Interdiction de voyage et obligations judiciaires

Le juge d'instruction Juan Carlos Peinado a pris une décision radicale samedi 20 juin 2026 concernant l'épouse du chef du gouvernement espagnol, Pedro Sanchez. Begona Gomez se voit désormais interdire de quitter le territoire espagnol jusqu'à ce qu'un verdict soit rendu dans l'affaire de corruption qui la vise. Pour garantir cette mesure, le magistrat a ordonné la confiscation de son passeport ainsi qu'une comparution bimensuelle devant le tribunal.

Des accusations multiples

L'épouse du Premier ministre est poursuivie pour plusieurs chefs d'accusation : détournement de fonds, trafic d'influence, corruption dans les affaires et abus de biens sociaux. Elle est soupçonnée d'avoir utilisé sa position en tant qu'épouse du chef de l'exécutif pour obtenir des contrats professionnels. Begona Gomez conteste fermement ces allégations et clame son innocence depuis le début de la procédure.

L'enquête trouve son origine dans une plainte déposée par un groupe anticorruption lié à l'extrême droite. Elle porte sur la création et la gestion d'une chaire universitaire à l'université Complutense de Madrid, que Begona Gomez codirigeait.

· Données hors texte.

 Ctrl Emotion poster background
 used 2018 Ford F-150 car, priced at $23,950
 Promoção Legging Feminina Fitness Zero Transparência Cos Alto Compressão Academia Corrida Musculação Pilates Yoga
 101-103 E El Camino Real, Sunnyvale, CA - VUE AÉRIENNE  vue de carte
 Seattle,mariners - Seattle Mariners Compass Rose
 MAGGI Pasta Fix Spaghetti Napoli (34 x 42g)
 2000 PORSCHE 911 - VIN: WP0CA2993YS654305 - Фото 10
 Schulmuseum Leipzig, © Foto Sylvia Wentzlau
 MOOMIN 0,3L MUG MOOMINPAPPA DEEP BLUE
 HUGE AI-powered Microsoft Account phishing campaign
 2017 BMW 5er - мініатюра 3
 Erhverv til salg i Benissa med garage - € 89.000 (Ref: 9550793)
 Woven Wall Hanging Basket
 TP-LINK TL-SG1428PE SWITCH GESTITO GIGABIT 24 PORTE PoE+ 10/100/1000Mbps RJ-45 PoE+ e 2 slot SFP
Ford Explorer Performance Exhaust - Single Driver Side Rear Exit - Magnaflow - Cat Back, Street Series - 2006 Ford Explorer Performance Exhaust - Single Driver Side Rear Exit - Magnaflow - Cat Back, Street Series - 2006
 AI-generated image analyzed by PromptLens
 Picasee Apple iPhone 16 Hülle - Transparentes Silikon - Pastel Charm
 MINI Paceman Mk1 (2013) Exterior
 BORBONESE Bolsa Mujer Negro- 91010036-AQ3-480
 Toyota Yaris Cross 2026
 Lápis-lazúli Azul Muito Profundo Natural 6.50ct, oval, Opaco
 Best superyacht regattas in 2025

Les enquêteurs s'intéressent également à un usage présumé de ressources publiques et de relations personnelles pour favoriser des intérêts privés.

Un contexte politique tendu

Pedro Sanchez rejette catégoriquement ces accusations, les qualifiant de tentative de la droite de déstabiliser son gouvernement. Le Parti socialiste, formation du Premier ministre, soutient que Begona Gomez est innocente et victime d'une campagne de persécution politique menée depuis plusieurs années.

Aucune date n'a encore été fixée pour ce procès à fort retentissement politique. Il s'ajoute à une série d'enquêtes pour corruption impliquant des proches de Pedro Sanchez, qui sont en phase d'être jugées ou déjà devant les tribunaux, accentuant la pression sur le chef de l'exécutif.

Des affaires qui s'accumulent

Plusieurs alliés de longue date du Premier ministre font l'objet de procédures judiciaires. La troisième personnalité du Parti socialiste ainsi que l'ancien ministre des Transports sont notamment visés par des investigations portant sur des soupçons de commissions occultes liées à des marchés publics, des contrats pétroliers et gaziers, et l'acquisition de masques pendant la pandémie. Les intéressés nient toute irrégularité.

Par ailleurs, la Haute Cour espagnole a ouvert une enquête visant l'ancien chef du gouvernement José Luis Rodríguez Zapatero, également socialiste. Il est soupçonné d'avoir dirigé un réseau ayant profité d'activités de lobbying auprès d'autorités publiques pour le compte de tiers, notamment la compagnie aérienne Plus Ultra. L'ancien président du gouvernement rejette ces allégations.

Sanchez refuse de démissionner

Pedro Sanchez, qui n'est mis en cause dans aucun de ces dossiers, a jusqu'ici repoussé les appels de l'opposition lui demandant de quitter ses fonctions ou de convoquer des élections anticipées. Le dirigeant continue d'exercer ses responsabilités tout en dénonçant ce qu'il présente comme une campagne judiciaire et politique visant à affaiblir son mandat.